Your instructions
All pictures are to be skipped; retype only the lines from the top of the entries through the line with "Drawers and Storage", both included.

The data
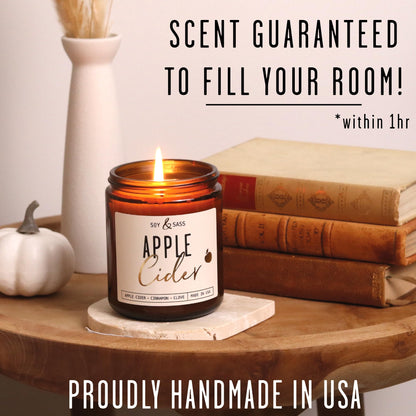 Apple Cider Candle, Fall Candles I Apple Cider, Cinnamon & Nutmeg - Infused with Essential Oils I Mulled Cider Fall Scented Candle (Soy) for Home I 9oz Reusable Jar I 50Hr Burn I Made in USA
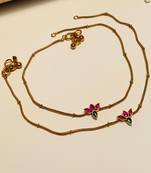 Set of 2 gold-plated bedded anklet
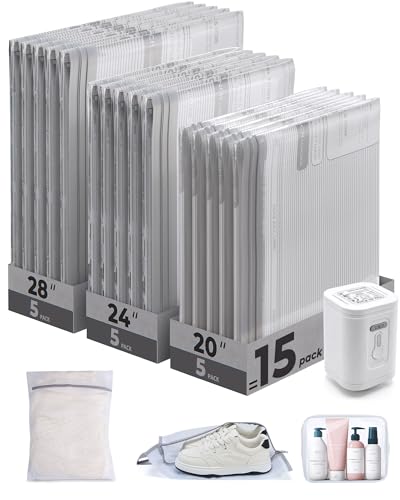 18 Pack BAGSMART Vacuum Compression Bags with Pump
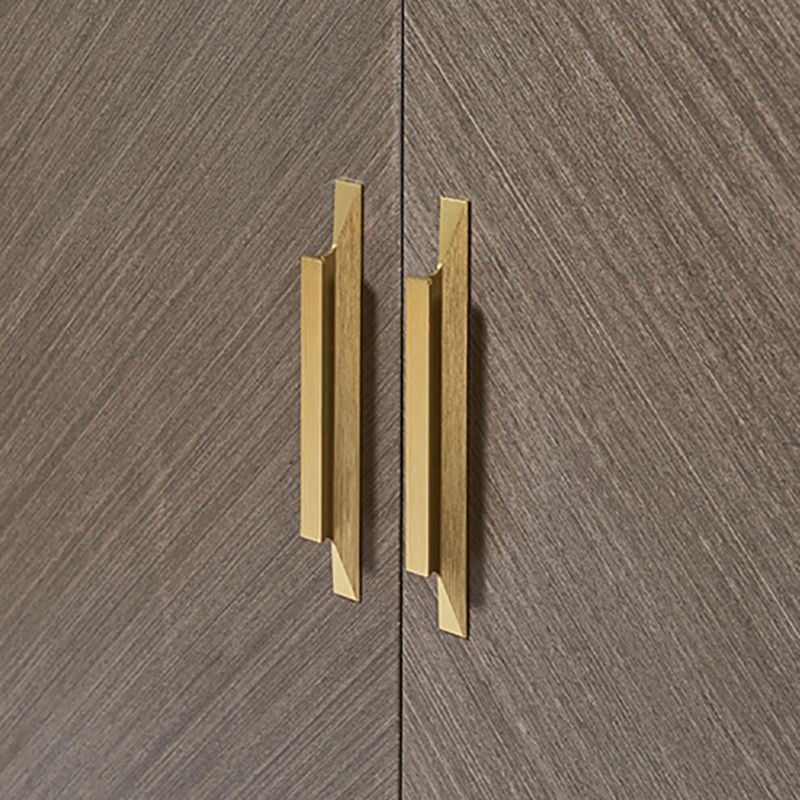 Glam Wood 42.5"H Sideboard Buffet Dining Room Brown Buffet Server with Drawers and Storage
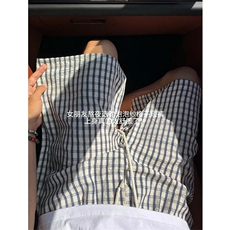 网图美式宽松直筒泡泡格透气格子速干五分裤DK2027特P25，男装牛仔裤，星座205-3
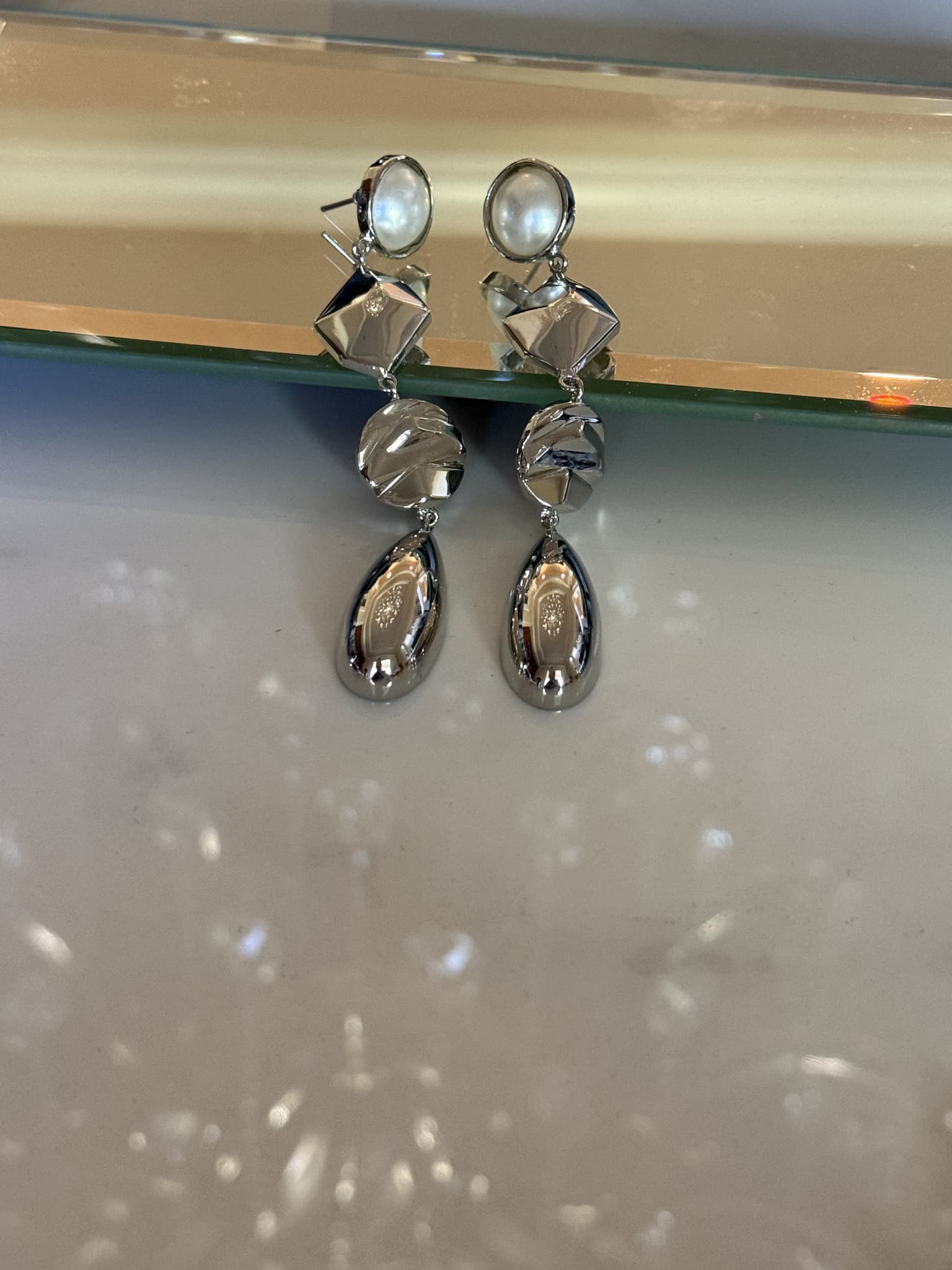 Pearl Silver Geometric Drop Earrings
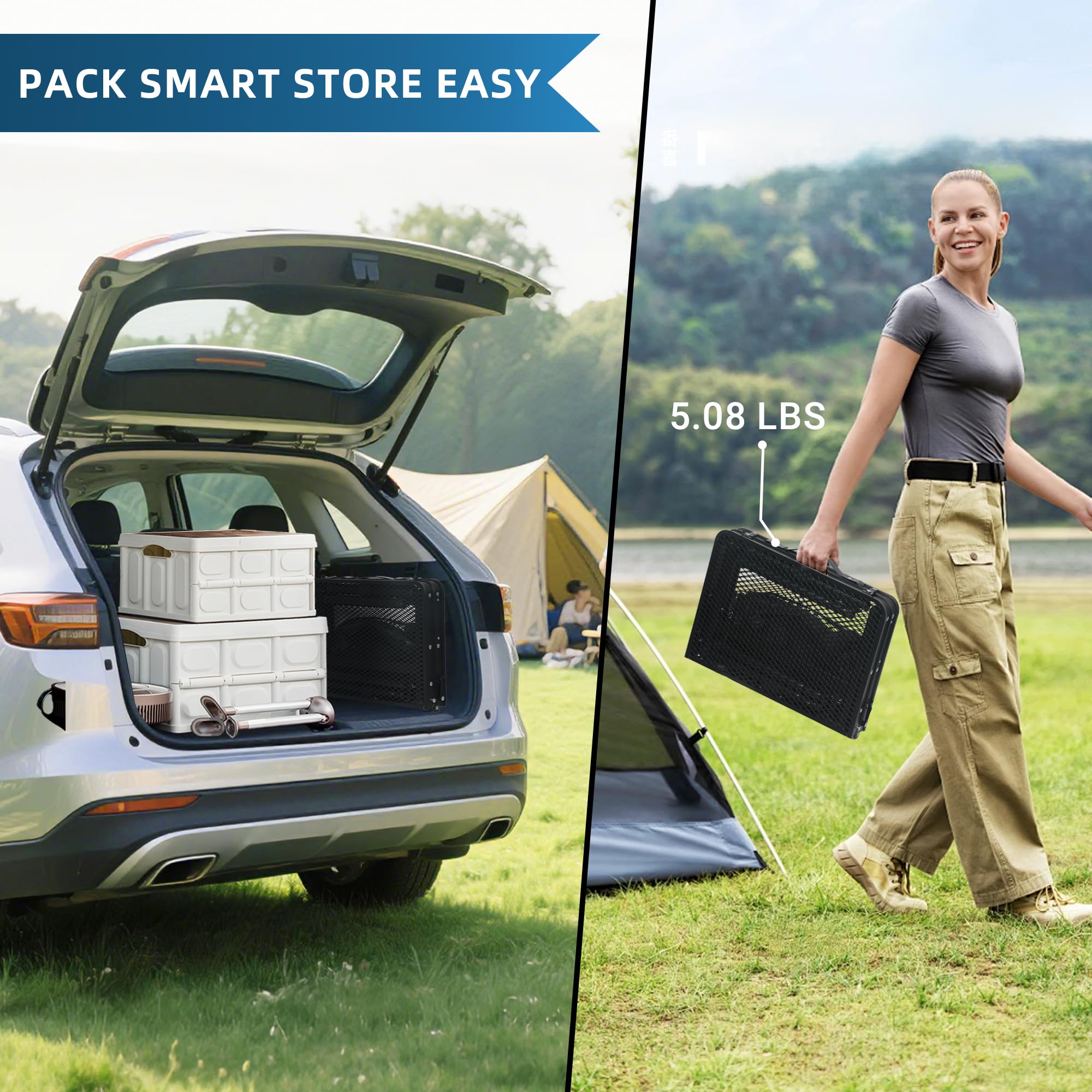 LOFTEY folding grill table folded for compact storage in small spaces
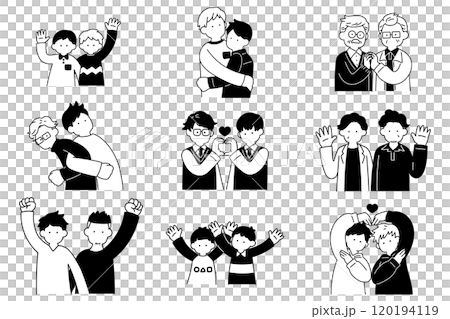 多世代の仲良しペア[男性]の単色イラスト(セット) 120194119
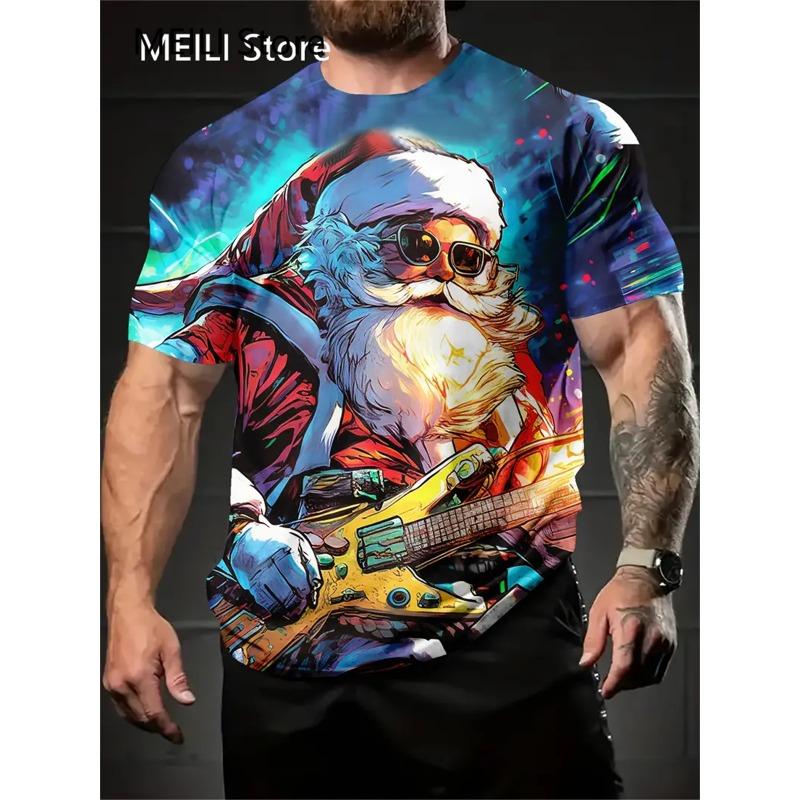 Christmas 3D Santa Claus Print T Shirt for Men Casual Short Sleeve Tee Shirts Fashion O-Neck Top New Year Gift Oversized T-Shirt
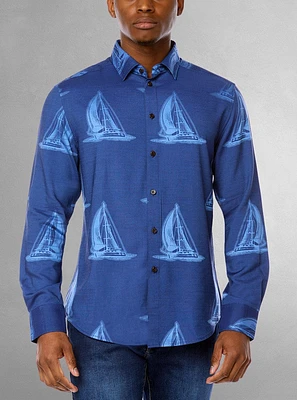 Men's casual long sleeve graduation shirt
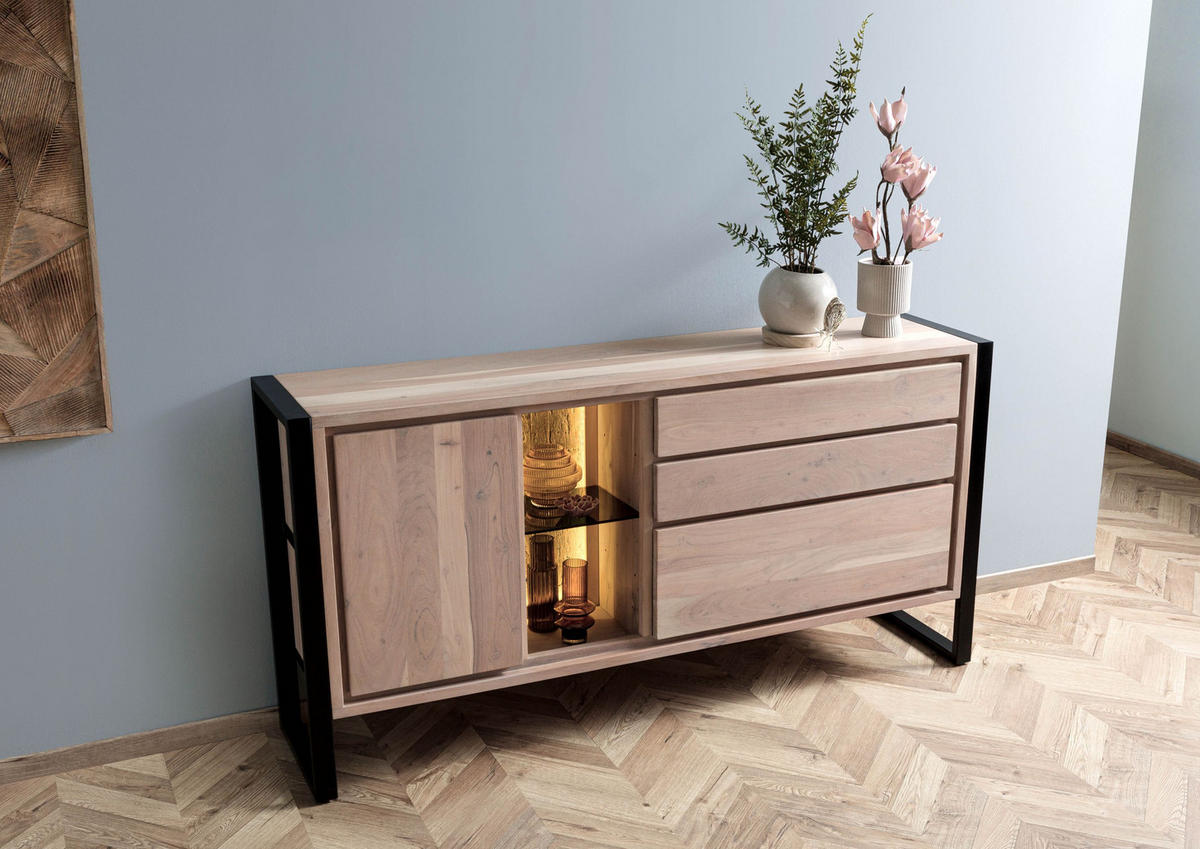 SIDEBOARD Akazie / Altholz 180x40x90 natur lackiert DENVER #111 - Braun, Holz (180/90/40cm) - Massivmoebel24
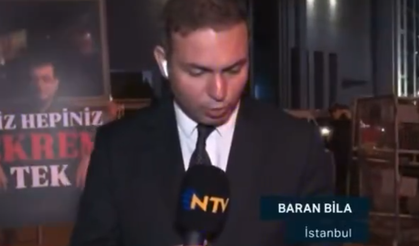 NTV canlı yayınında "Siz hepiniz Ekrem tek" pankartı açıldı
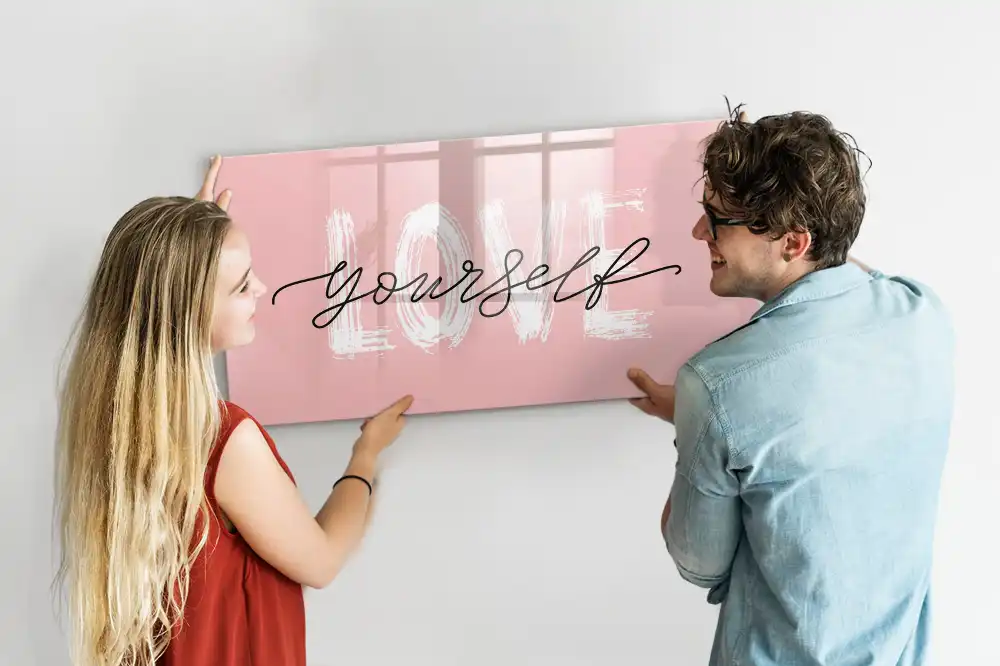 Magnetická kreslící tabule pro děti s nápisem Buď k sobě hodný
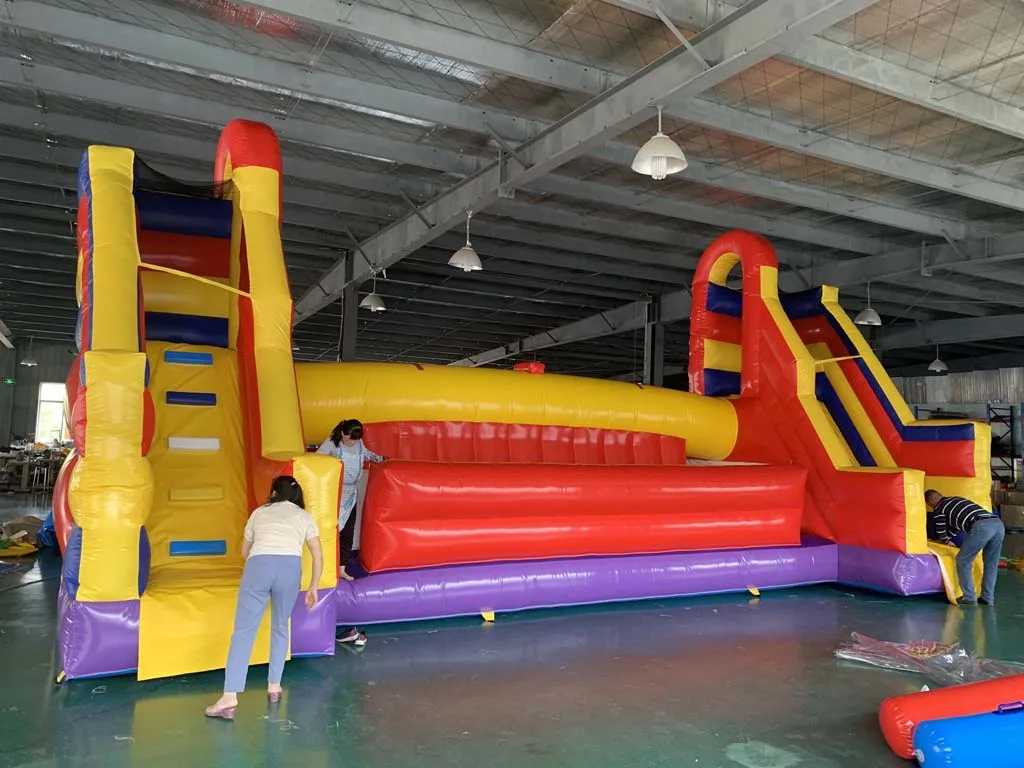 

Commercial Giant Inflatable Obstacle Course Jousting Arena with Slide PVC Bouncy Castle Game For Kids Adults Outdoor Party Event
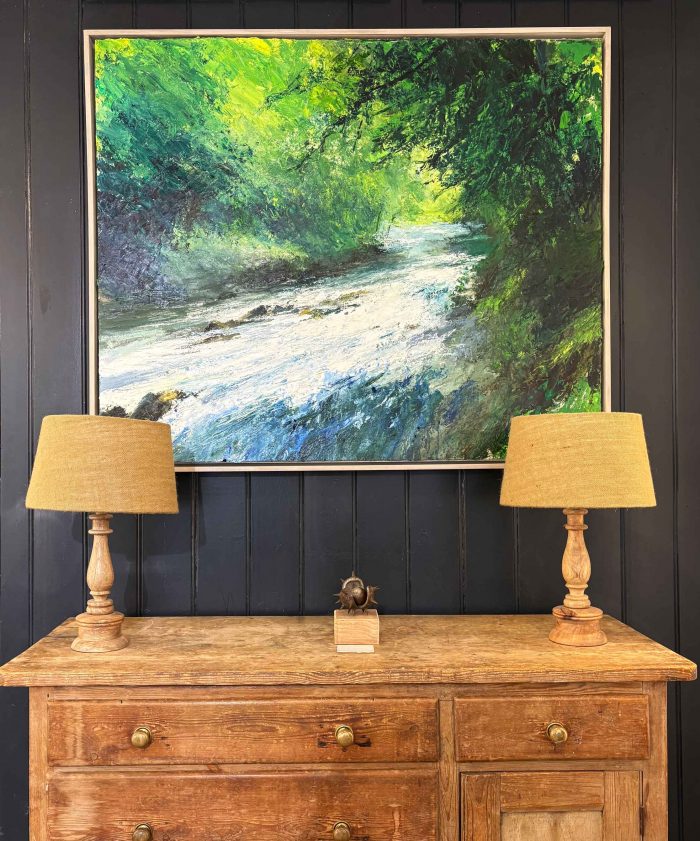 On the Way to Sharrah Pool. Devon Landscape Paintings by David Morgan. Oil on board.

Task result
 Apple Cider Candle, Fall Candles I Apple Cider, Cinnamon & Nutmeg - Infused with Essential Oils I Mulled Cider Fall Scented Candle (Soy) for Home I 9oz Reusable Jar I 50Hr Burn I Made in USA
 Set of 2 gold-plated bedded anklet
 18 Pack BAGSMART Vacuum Compression Bags with Pump
 Glam Wood 42.5"H Sideboard Buffet Dining Room Brown Buffet Server with Drawers and Storage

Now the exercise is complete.